Gli Stati moderni, in particolare quelli dove i non europei sono una parte importante della popolazione, instaurano attraverso uno stato di eccezione permanente (non dichiarato, eseguito spesso da gruppi parapolizieschi-paramilitari) una guerra civile legale, per eliminare quelli che il sistema considera popolazione in eccedenza o scartabile. Chi considerasse eccessiva questa affermazione, può dare uno sguardo a quel che avviene in Messico da che il presidente Felipe Calderòn dichiarò guerra al narcotraffico (2006), nelle favelas brasiliane dalla dittatura militare in avanti (1964) e in tutti gli spazi dove, come diceva Benjamin (2010), la tradizione di resistenza e ribellione degli oppressi ci insegna che lo stato di eccezione è la regola.

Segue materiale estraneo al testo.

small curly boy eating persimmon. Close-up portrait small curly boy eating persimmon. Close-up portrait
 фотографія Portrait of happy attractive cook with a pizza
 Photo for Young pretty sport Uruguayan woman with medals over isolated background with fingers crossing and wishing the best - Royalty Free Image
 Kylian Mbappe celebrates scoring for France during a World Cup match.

Il campo di concentramento non è riformabile. Lo si può solo distruggere, mandare in pezzi. Per questo, come segnalava Fanon e come hanno fatto gli zapatisti, non c'è altro cammino che la violenza. La violenza di per sé non è una soluzione, ma qualunque soluzione passa attraverso la contrapposizione alla violenza del sistema e il recupero dei mezzi di produzione. Poi, Agamben ci ricorda che "dai campi di concentramento non c'è ritorno possibile alla politica classica" (Agamben o.c.) E ci dice che partecipare alla politica statale, con la sua liturgia di votazioni, comizi e discorsi mediatici, è come sedersi a negoziare con i guardiani del campo di concentramento qualche misura per temperare le condizioni della reclusione. Nel campo di concentramento, la democrazia elettorale è un'ipocrisia. Oggi la democrazia è la barriera antifiamma per isolare quelli che stanno in basso. La democrazia elettorale è il muro delle prigioni. Il filo spinato dei campi di concentramento, il modo di illudere i confinati che possono trovare alleati nella società rispettabile, "nobile" e bianca, quella che può votare le sinistre e sentirsi rappresentata da loro.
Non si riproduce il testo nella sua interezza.